De entre las muchas cosas que me gustan de mi amigo y tocayo Carlos, una que sintetiza varias otras es su manera apasionada de estar en el mundo. Carlos Ernesto –tal su nombre completo– es, por ello mismo, un hombre de excesos: en el amor, en la amistad, en las charlas llevadas a veces hasta la polémica laberíntica, en su gusto por el morfi y por el chupi, y también en su piedad política que retorna siempre como una de las variantes de una sensibilidad que no todos le quieren admitir.

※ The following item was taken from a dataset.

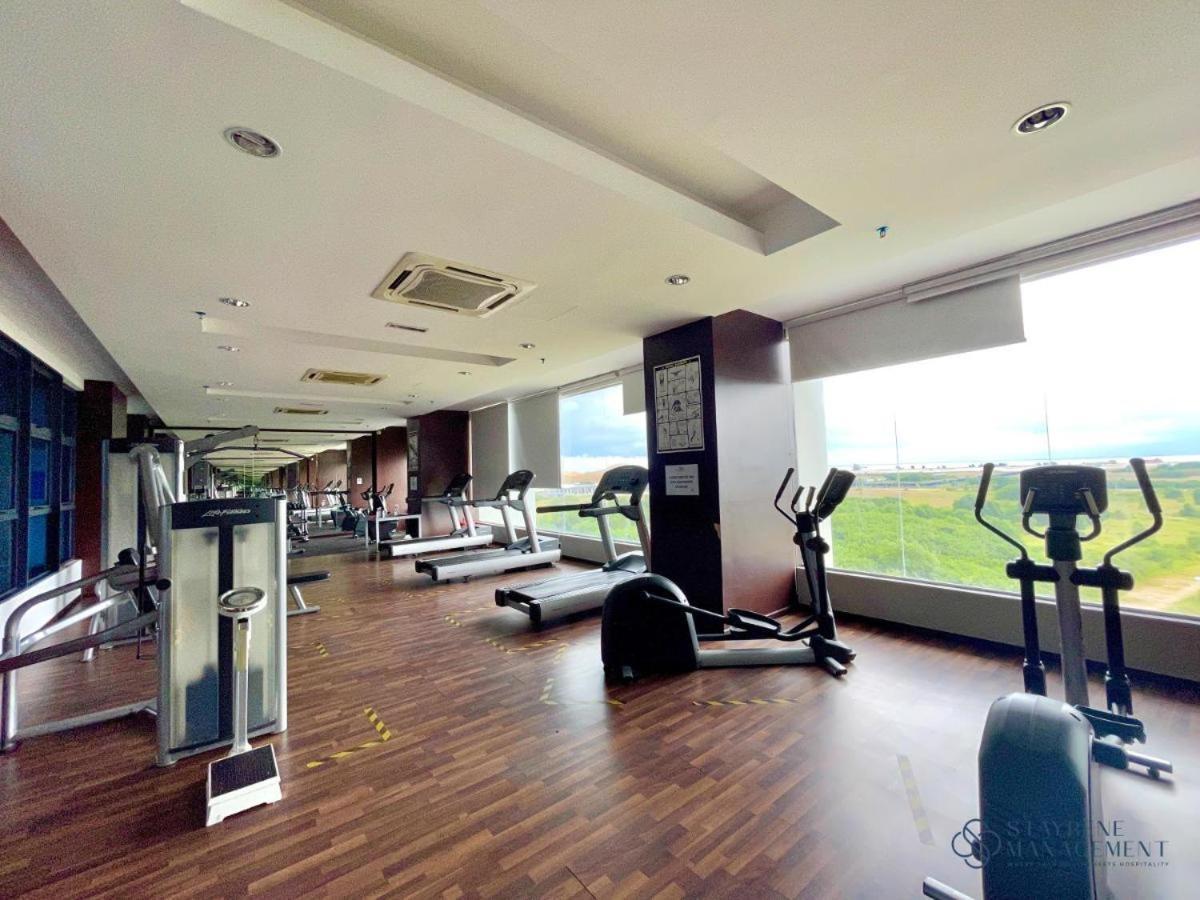 Atlantis Residence@Fann Homestay Malacca エクステリア 写真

Ayer mismo él me recordaba alguna charla que tuvimos respecto del tema de ser hombres sensibles que, para reconocernos como tales, debimos eludir aquel mandato patriarcal que aún estaba vigente cuando éramos niños a mediados de los años ´60 del siglo pasado: “los hombres no lloran”. Y aquí debo agregar que siendo Carlos Ernesto –como lo llamaba su mamá Yolanda– un tipo guapo, lo es mucho más cuando sus ojos se le humedecen y la emoción aflora plena en su rostro viril.

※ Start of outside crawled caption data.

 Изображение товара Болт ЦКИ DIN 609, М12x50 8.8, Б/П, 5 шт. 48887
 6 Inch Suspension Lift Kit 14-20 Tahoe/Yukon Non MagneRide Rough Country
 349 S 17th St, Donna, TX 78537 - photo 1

Pero además resulta que tiene una hija a la que adora, y cuya sensibilidad –heredada, pero también muy propia de ella– no pocas veces la puso en los bretes típicos de un presente hostil para con la diferencia. De esos episodios, y de otros que no vienen al caso pero que han sido igual o peor de bravos, nuestra sobrina debió acorazarse y endurecerse, dejando a un lado ese aspecto suyo que la inclina hacia el arte, y también hacia el semejante que padece sin los amparos de los privilegiados.

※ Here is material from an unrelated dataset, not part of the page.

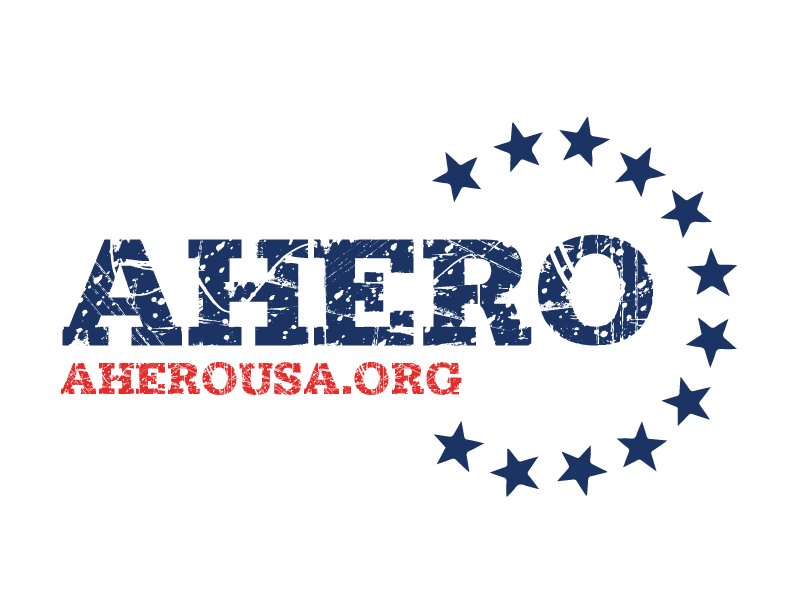AHERO USA Logo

Éste fue, según me cuenta su padre, el meollo de una de las últimas “grandes charlas” (ya dijimos de qué entusiasta manera nuestro amigo las valora, y esto se debe a que las necesita como el aire que respira) que mantuvieron y que él rescata como un gran paso adelante para que la joven se reconozca en sus emociones más genuinas, esas que no están atravesadas por los prejuicios individualistas de ese egoísmo brutal que pretende que seamos cada vez menos hermanos en lo humano.
Carlos Ernesto cree que si lo pongo
por escrito su sensible hija lo entenderá mejor que de su boca. Pienso que con
su ejemplo alcanza porque, como dice el Tata, “estar en el mundo es estar emocionados”.